What definition takes up more memory, \def or \chardef (considering \def contains a single character)?
The answer is quite easy: \chardef
uses much less resources.
Compiling
%\def\usedef{\expandafter\def\csname\the\count255\endcsname{a}}
\def\usedef{\expandafter\chardef\csname\the\count255\endcsname=`a }
\count255=1
\loop\ifnum\count255<500000
\usedef
\advance\count255 1
\repeat
\tracingstats=1
\bye
I get
Here is how much of TeX's memory you used:
499994 strings out of 2095124
2888925 string characters out of 6220659
5959 words of memory out of 5000000
500917 multiletter control sequences out of 15000+600000
14794 words of font info for 50 fonts, out of 8000000 for 9000
14 hyphenation exceptions out of 8191
5i,0n,1p,81b,6s stack positions out of 5000i,500n,10000p,200000b,80000s
Switching the comment in the first two lines, TeX will perform \def
instead of \chardef
and the log will show
Here is how much of TeX's memory you used:
499994 strings out of 2095124
2888921 string characters out of 6220659
1505944 words of memory out of 5000000
500917 multiletter control sequences out of 15000+600000
14794 words of font info for 50 fonts, out of 8000000 for 9000
14 hyphenation exceptions out of 8191
5i,0n,1p,82b,6s stack positions out of 5000i,500n,10000p,200000b,80000s
Note. I had to supply more memory space for strings with max_strings=10000000
in order to make space for 500000 new control sequences.
As \chardef
can only associate a control sequence with an integer value from 0 to 255 while \def
can associate it with arbitrary token lists, the latter is more general, and it shouldn't be surprising that it is also more expensive.
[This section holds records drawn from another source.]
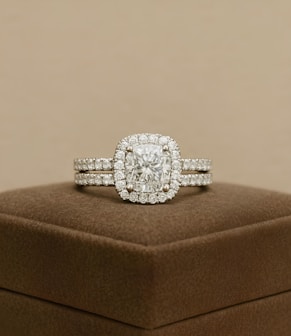 A diamond ring set sits on a display box.
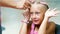 Beautiful blond girl, of seven years old, braided two pigtails, do a hairstyle with pink locks of hair in a beauty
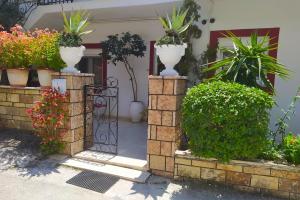 einen Eingang zu einem Haus mit Blumen und Pflanzen in der Unterkunft Christina's House in Parga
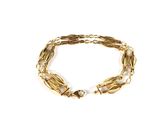 gros plan d'un bracelet en or sur fond blanc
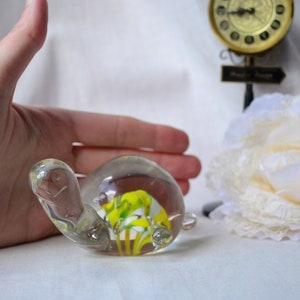 May include: A glass turtle figurine with a yellow and white swirl inside. The turtle is sitting on a white surface.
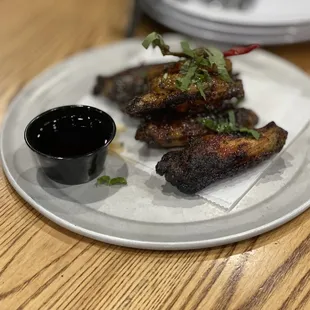 a plate of food on a wooden table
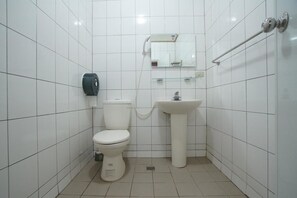 A small, clean bathroom with white tiles, a toilet, a sink, a hand dryer, and a mirror. - Hemerocallis Country House (Nanzhuang)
In fact, The TeXbook introduces \chardef
as "for numbers between 0 and 255, as an efficient alternative to" \def
, and indeed it is.
As a further refinement of @egreg's answer, which uses either \def
or \chardef
500000 times and examines the stats, we can instead, for each (fixed) one of those two, compare the stats after using it (say) 1000 and 2000 times (or 1000 and 1001 times, or whatever), to see the additional (incremental) cost of each definition.
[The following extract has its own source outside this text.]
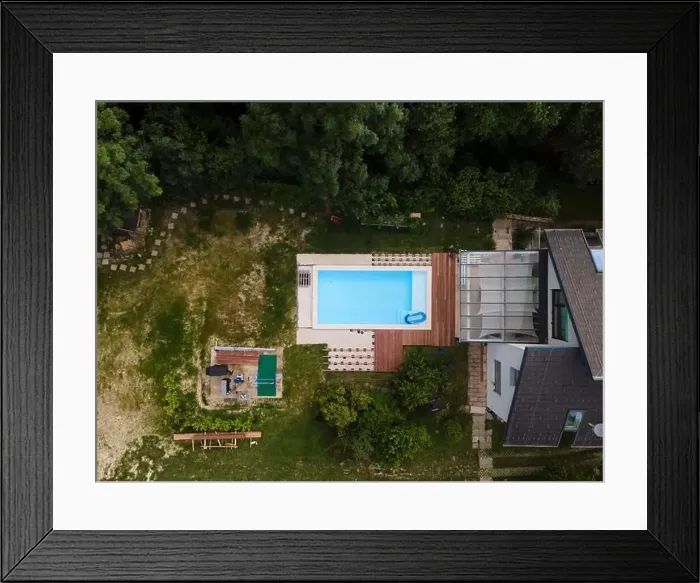 Framed Print : Drone flight over beautiful green garden with pool and the wooden terrace of the pool is currently in progress Framed Print : Drone flight over beautiful green garden with pool and the wooden terrace of the pool is currently in progress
What you'll find is that for either \def\testName{a}
or \chardef\testName`\a
, the cost in common (for each such definition) is:
1 string entry (namely, the new string
testName
),8 string characters (namely, to store the string
t
e
s
t
N
a
m
e
) (depending on the length of your name),1 "multiletter control sequence" (assuming your name was of length greater than 1).
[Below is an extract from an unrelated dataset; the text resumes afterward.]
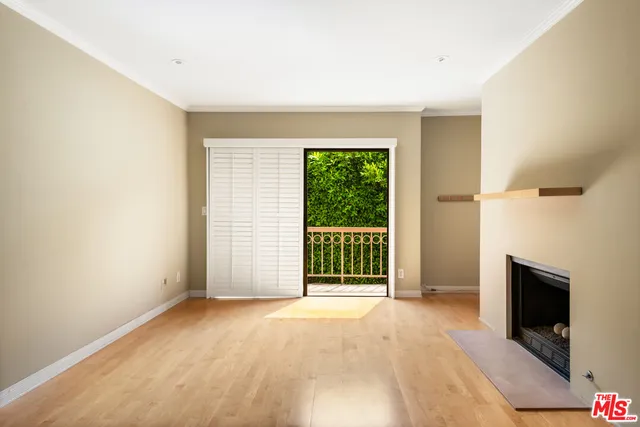 a view of an empty room with a fireplace and a window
(Note that TeX has some optimizations to avoid storing things that already exist, so in some cases it may be able to avoid some of this cost, but not in general.) For \chardef\testName`\a
this is the only cost, but for each \def\testName{a}
there is the above cost and also a cost of:
- 3 words of memory
The reason for this is not hard to see. All that \chardef
has to do is put an integer value in a table. For example, your \chardef\testName`\a
is the same as \chardef\testName=97
. (For example, plain.tex
uses \chardef\active=13
.) So when you write \chardef\testName=97
, the bookkeeping that TeX does internally is something like the following:
- in the string pool: append eight characters
testName
. - in the list of strings (not explicitly stored): point from the latest string number (incremented by 1) to the starting position of the above 8 characters in the string pool
- in the list of control sequences: point from the hash of
testName
to the above string number - in the (internal) table of equivalents (
eqtb
), which (among other things) stores the meanings of control sequences: store a new entry witheq_level
the current/appropriate level,eq_type
the special codechar_given
(saying that the meaning of\testName
is that it's a chardef'd number),equiv
being the value itself (here, the integer97
).
You can see this in section §1224 of the program:
With \def
on the other hand, TeX internally has to create a token list containing the token a
(i.e. catcode 11=letter, and value 97). Further, every token list starts with a reference count and ends with NULL, which explains why there are three words of memory used.
So to summarize the difference, just look at the following two cases (with apologies that the diagram was not made with TikZ ): storing the integer 97 in an array is free (requires no extra space), while storing a pointer to a 3-word token list requires those three words of space.